Drinking more water means that there’s room for other foods in your diet; it gives your body the energy it needs just by itself! If this sounds like something worth trying, here are some easy tips:
Exercise is an important way to help you feel better and reduce stress. It can also improve your mood and make it easier for you to get through the day. When on keto, exercise may seem like a bad idea because of the high levels of fat in your diet. However, if you do choose to exercise while on keto, there are several ways that can help:
- Limit exercise intensity as much as possible until your body gets used to burning fat instead of carbs. This means only doing moderate amounts of cardio or strength training at first (don’t go crazy). You should give yourself time before increasing intensity too much due to the potential risk factors associated with overtraining (such as lowers testosterone levels).
- Find activities that challenge but don’t stress out about them – examples include swimming laps around an indoor pool or playing volleyball with friends at local parks during warm weather months when outdoor activities aren’t quite so dangerous yet still require some level of physical activity.
To fight cravings, you can add these foods and drinks to your diet
- Protein-rich diet: Protein is the building block of muscles and can help you feel fuller longer. It’s also important for muscle repair, which means that if you’re having trouble building muscle on keto, adding more protein to your diet may help.
- Healthy fat in your diet: Fat is an essential part of a healthy diet because it helps keep our bodies running smoothly by providing energy and promoting satiety (the feeling of fullness). While most people think they should avoid all fats, it’s important to remember that some fats are actually good for us!
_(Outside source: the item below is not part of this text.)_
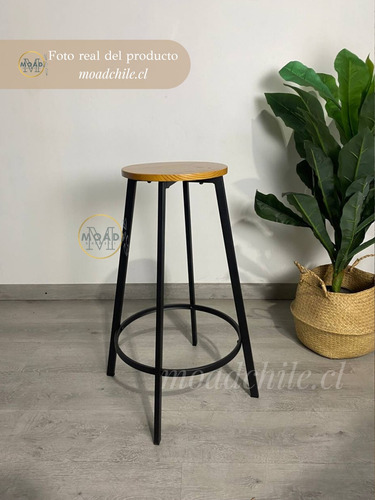 Taburete De Bar Elipse Industrial Banco Alto Asiento Madera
For example, monounsaturated fats found in avocados and nuts can help lower cholesterol levels while omega-3 fatty acids found in fish oils may reduce inflammation and heart disease risk factors like blood pressure or stroke risk factor.
- Eat lots of fiber-rich foods: Fiber is something that many Americans don’t get enough of—and this could be why they struggle with weight loss goals on the ketogenic diet! While there isn’t much research available about how much fiber we should consume each day specifically related ketonemia vs. other types of diabetes management options like medication dosage changes; however there does seem to be some evidence suggesting that increasing fiber intake directly correlates with improved glycemic control among those who follow low carb diets such as Atkins’ Induction phase or South Beach Diet Phase.